Thursday, July 30, 2009

red center

First of all, the Uluru trip was fucking awesome. There was the fucking awesome guide Glenno, the fucking awesome food that we cooked and ate around the campfire, and of course, the fucking awesome girls I spent the whole trip with: Aline and Marjolein. Uluru was freezing cold but we had so much fun.

The first day we spent hours and hours in a very uncomfortable bus. I plugged in my ipod for everyone so we could enjoy some good 'ole hip hop on the way. We passed Vuluru which was NOT Uluru, the geographic center of the continent, a place with camels, several bars in which we were encouraged to buy snacks, and a whole lot of nothingness. The red center of Australia is indeed the middle of nowhere. We drove for FIVE HOURS in the outback until we finally reached Uluru. Thank god Aline and I packed cookies and lamingtons and chocolate to tide us over.

Our first official stop was at Kata Tjuta, otherwise known as the Olgas. These are 36 big lumps of round, red rock. They are bright red. Like you walk through the middle of some of the lumps, and your skin looks reddish because of the reflection. The wind was crazy here. Kata Tjuta is where the men have their initiation ceremonies. Several areas are off limits to regular white folk because of this.

Our next stop was at Uluru, where we watched the sunset. Uluru is in fact, big, red, square, and radiates a brilliant orange in the setting sun. Everyone took about a million pictures, because after all, we drove for 25 hours to see this rock. I did not feel an overwhelming spirit or magic or whathaveyou, but it was very peaceful. Plus, Aline and I ate our second sandwiches from lunchtime, so there was that. Aline and Marjolein and I tried to take a jumping picture and failed quite spectacularly.

Dinner! Was a tasty vegetarian Chinese noodle stir fry. Aline and I were the only vegetarians on the trip, so we got to cook our own food together. And eat it all ourselves. And after our delicious meal, we all sat around the campfire and roasted marshmallows! An American treat! Plus hot chocolate! We had a walk around and looked at the stars, and they were spectacular. Just as bright and shining as in Kakadu. The Milky Way was incredible again.
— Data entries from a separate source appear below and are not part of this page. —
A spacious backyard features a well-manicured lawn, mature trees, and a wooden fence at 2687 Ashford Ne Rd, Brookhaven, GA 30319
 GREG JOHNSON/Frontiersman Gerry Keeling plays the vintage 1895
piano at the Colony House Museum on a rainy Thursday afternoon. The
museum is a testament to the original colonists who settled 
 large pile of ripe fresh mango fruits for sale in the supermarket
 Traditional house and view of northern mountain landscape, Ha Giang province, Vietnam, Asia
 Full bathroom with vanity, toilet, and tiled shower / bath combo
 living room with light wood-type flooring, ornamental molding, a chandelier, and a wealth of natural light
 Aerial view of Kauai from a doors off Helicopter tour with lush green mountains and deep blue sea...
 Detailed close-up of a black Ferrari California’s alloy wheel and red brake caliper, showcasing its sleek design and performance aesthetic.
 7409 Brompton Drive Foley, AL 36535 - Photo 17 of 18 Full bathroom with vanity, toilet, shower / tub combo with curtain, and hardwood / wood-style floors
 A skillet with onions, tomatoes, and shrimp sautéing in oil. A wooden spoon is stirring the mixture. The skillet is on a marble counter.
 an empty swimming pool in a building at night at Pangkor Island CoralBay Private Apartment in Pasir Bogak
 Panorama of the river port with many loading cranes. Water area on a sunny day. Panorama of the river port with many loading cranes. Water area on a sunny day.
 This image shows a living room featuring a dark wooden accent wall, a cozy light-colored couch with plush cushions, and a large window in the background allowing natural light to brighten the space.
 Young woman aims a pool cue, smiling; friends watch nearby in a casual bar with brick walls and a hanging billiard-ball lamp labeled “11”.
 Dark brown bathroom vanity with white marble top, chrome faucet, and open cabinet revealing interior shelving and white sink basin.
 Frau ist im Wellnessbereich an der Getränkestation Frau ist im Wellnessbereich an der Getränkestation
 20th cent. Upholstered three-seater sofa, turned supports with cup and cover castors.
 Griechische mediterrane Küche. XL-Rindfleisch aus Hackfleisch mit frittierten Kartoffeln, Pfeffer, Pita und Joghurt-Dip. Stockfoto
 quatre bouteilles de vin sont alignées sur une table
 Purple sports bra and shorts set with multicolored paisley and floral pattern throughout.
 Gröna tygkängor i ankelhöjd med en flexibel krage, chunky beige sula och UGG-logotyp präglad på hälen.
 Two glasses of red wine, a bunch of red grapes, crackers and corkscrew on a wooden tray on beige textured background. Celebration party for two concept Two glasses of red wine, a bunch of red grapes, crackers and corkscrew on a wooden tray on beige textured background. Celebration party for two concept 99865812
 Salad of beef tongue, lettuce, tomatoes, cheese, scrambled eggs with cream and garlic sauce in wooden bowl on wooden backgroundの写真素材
Unfortunately, the weather was AWFUL and stepping just two feet away from the fire was like entering the Arctic tundra. We slept in sleeping bags inside swags completely zipped up, and I wore my alpaca hat, and I was still so cold that I woke up several times in the middle of the night. Finally I realized that I should flip my sleeping bag upside down so that I could pull the headpiece over like a hood rather than sleep upon it, but it was so hard to do in the middle of the night that I just woke up tired and grumpy. And cold. Because do you know what time we woke up? 5:00 am.

As the sun rose, we walked around the base of Uluru, and this was a bit disapointing as I thought we would be right up against it but we were about 50 meters away for most of it. It looked the same from that distance as it did from the car park, plus there were only three signposts the entire way around with stories or information. Uluru was used as a sacred place for the women in the area. Near the end, we got to walk closer and touch it and see an area where the Aboriginals gathered to eat together. Up close, Uluru is still bright red, but the most striking aspect of the rock are the holes in it, from where smaller rocks popped out due to expanding and shrinking in the changing seasons. The holes have been smoothed over from wind and rain erosion. As we walked, we sang our own national anthems, songs about sunshine, Kol Haneshama round, and other songs we all knew, like Die Moldau. We are all music dorks, which was awesome. The cultural center at the end of the base walk was meh, although they did have tons of pictures of bush tucker, the bugs and plants and fruits that Aboriginals ate. So we sat in the sun outside and ate our own bush tucker: Belgium mint chocolate.

One interesting thing I learned about Aboriginals from Glen our Amazing Guide is that there are still many, many clans living in the outback, living life the traditional way. Those who do bad things, like become alcoholics, are kicked out of the community. Those are the Aboriginals that you see at the bus stations and gas stations in Alice and Katherine, the ones who hang out yelling at one in the morning, the ones who are clearly drunk or on drugs. Glen told us that sugar and flour were not a part of the traditional diet but were given as presents from German missionaries in the 1800s. So much crap food has made many Aboriginals diabetic.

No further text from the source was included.